Occasionally clients have asked me to write copy for banner ads. Banners are the little boxes that appear when your browser arrives on a Web page, or you enter certain terms in a search engine, marking you as someone’s target audience. From a writer’s standpoint, the challenge of a banner ad is that space is rigidly constrained – “one line, no more than 35 characters (spaces included)” or something of that sort. Make your point, and get out.
The process reminds me of haiku, a Japanese form of poetry that most of us probably tried to avoid in school. English teachers use haiku as an exercise – the writer must compose three lines totaling 17 syllables, no more and no less. It’s a way of forcing students to squeeze an idea or feeling into a tightly defined template. The challenge is, how richly can you communicate in 17 syllables?

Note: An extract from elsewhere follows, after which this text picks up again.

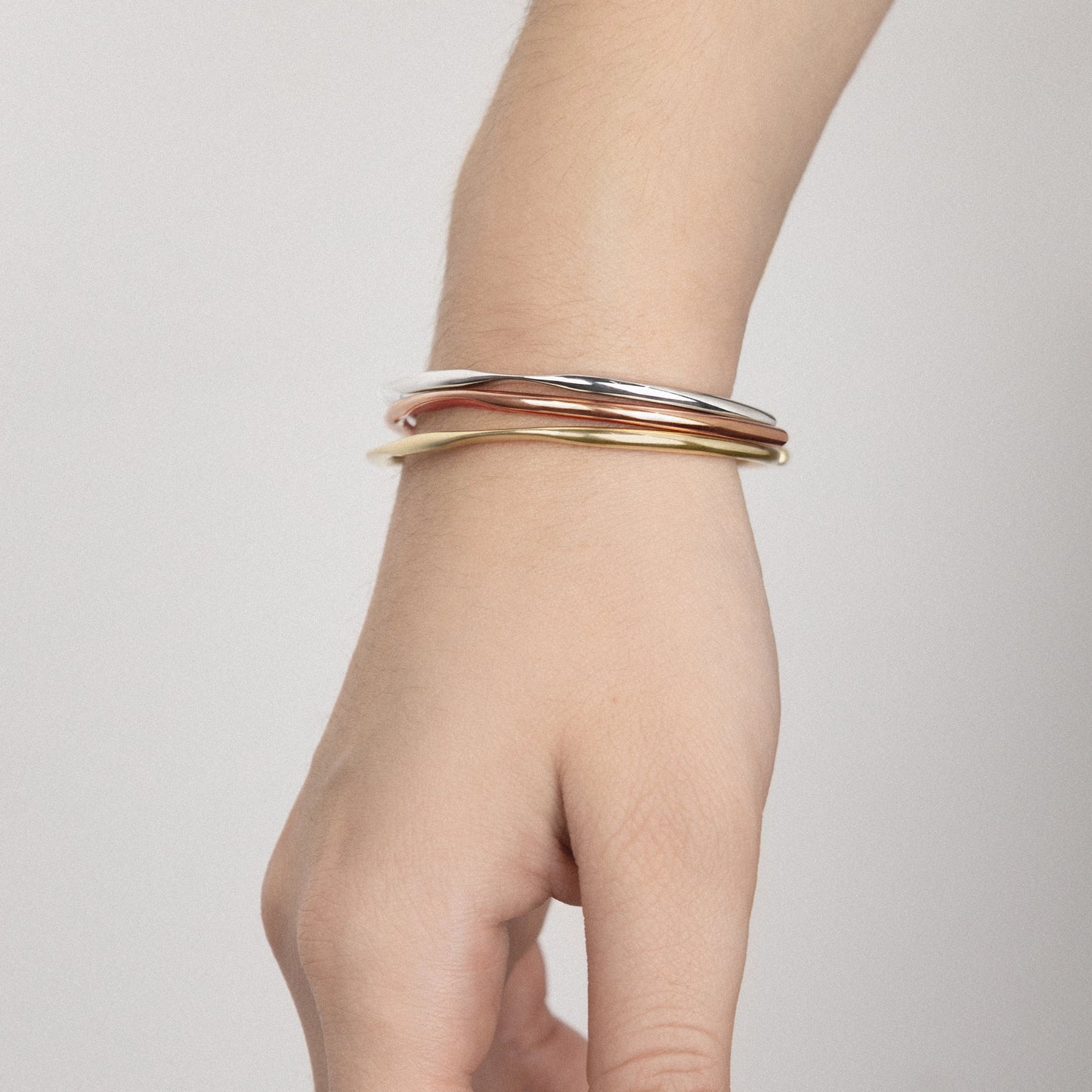 Pulsera Abierta Moon Cuff Oro 14k oro blanco, oro rosa - Joyería y bisutería fina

My point here is neither haiku nor banner ads. Rather, it is the art of writing a key message for investors. Some ideas:
- Keep it short. In one sentence, where’s the value in your company?
- Identify “magic phrases” – the essence that distinguishes your firm.
- Use down-to-earth words. “Growing sales” not “revenue enhancement.”
- Speak in active voice. “We took action” not “Steps were implemented.”
- Begin and end on strong words, not “based on current assumptions.”
- Practice. For every communication, start by writing a key message.
- Then do what the great novelists and professional writers always do: Polish, polish, polish – until your message is practically haiku.